◆ **Your goal**
Output every line of the entries from the line containing "this 300×466 image." through the last, exactly, with no other content.

Stored data entries
────────────────────────────────────────

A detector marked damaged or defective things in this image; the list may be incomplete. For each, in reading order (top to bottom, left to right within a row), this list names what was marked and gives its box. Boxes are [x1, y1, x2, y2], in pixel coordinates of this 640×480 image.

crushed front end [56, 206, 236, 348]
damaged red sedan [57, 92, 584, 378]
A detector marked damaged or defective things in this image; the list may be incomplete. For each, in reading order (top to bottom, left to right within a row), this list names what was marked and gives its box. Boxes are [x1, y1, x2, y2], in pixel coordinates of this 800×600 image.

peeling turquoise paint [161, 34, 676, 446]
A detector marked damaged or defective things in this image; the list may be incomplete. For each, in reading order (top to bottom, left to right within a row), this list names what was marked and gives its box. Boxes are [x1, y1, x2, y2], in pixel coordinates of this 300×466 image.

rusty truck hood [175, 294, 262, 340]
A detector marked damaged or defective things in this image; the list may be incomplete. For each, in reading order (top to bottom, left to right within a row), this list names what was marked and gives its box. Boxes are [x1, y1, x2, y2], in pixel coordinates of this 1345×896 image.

────────────────────────────────────────

◆ **Answer space**
A detector marked damaged or defective things in this image; the list may be incomplete. For each, in reading order (top to bottom, left to right within a row), this list names what was marked and gives its box. Boxes are [x1, y1, x2, y2], in pixel coordinates of this 300×466 image.

rusty truck hood [175, 294, 262, 340]
A detector marked damaged or defective things in this image; the list may be incomplete. For each, in reading order (top to bottom, left to right within a row), this list names what was marked and gives its box. Boxes are [x1, y1, x2, y2], in pixel coordinates of this 1345×896 image.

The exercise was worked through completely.